● Exercise instructions:
After the line containing "Дзеркало Mixxus WARM", copy nothing more; up to and including it, copy every line of the listing exactly from the first, leaving out the pictures.

● Material provided:
━━━━━━

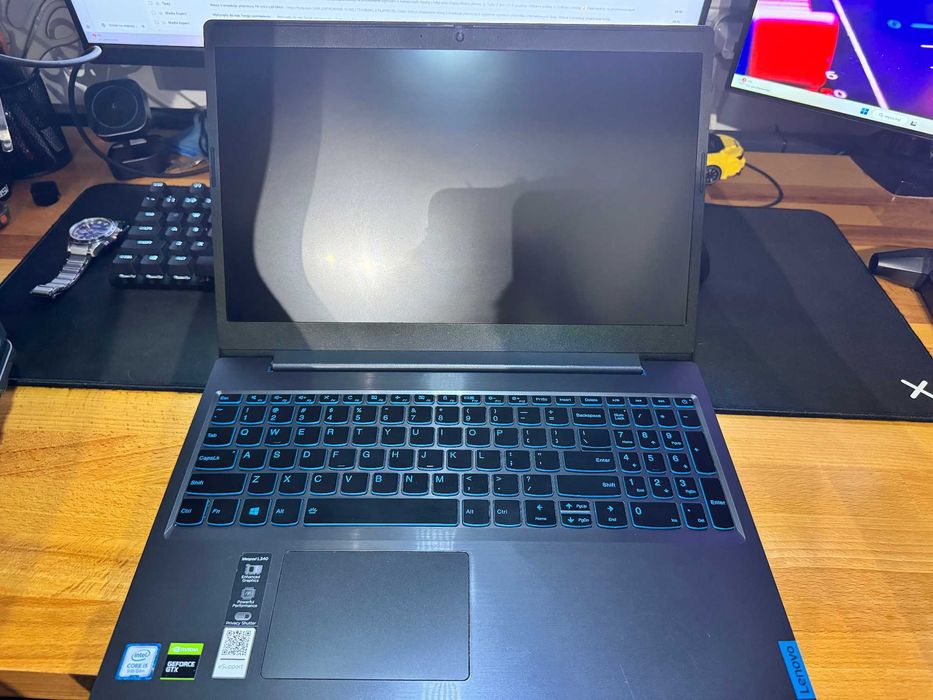Lenovo Ideapad |i5 9th|Nvidia|8ram|SSD+HDD|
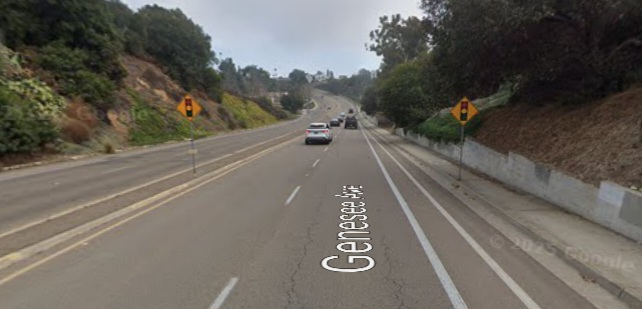 Clairemont Bicycle Crash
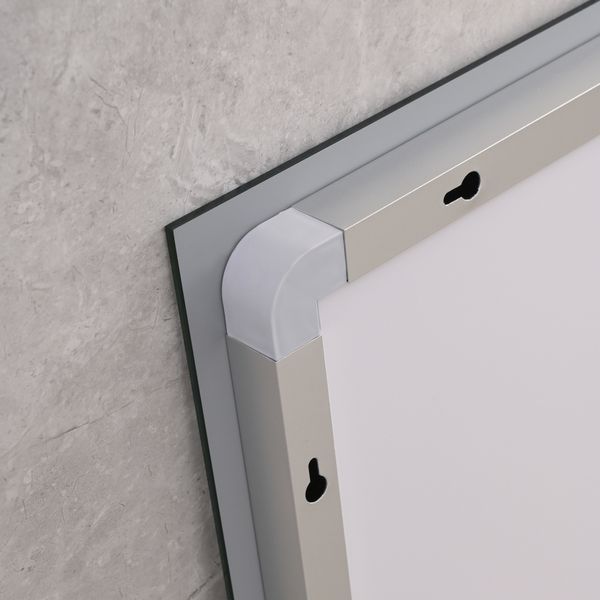 Дзеркало Mixxus WARM MR02-80x60-CASE з Led Touch, Anti-fog, димером, регулятором яскравості, годинником (MI6671) MI6671 фото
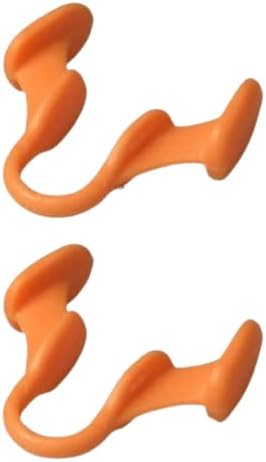 (B0FDHPYW53)- offer Silicone Anti Snoring Nasal Dilator Improve Sleep Silicone Nose Clip Sleeping Aid Prevention Gadget Anti-Snoring Devices - Please Study Photo Carefully (Orange)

━━━━━━

● Answer to this task:
Lenovo Ideapad |i5 9th|Nvidia|8ram|SSD+HDD|
 Clairemont Bicycle Crash
 Дзеркало Mixxus WARM MR02-80x60-CASE з Led Touch, Anti-fog, димером, регулятором яскравості, годинником (MI6671) MI6671 фото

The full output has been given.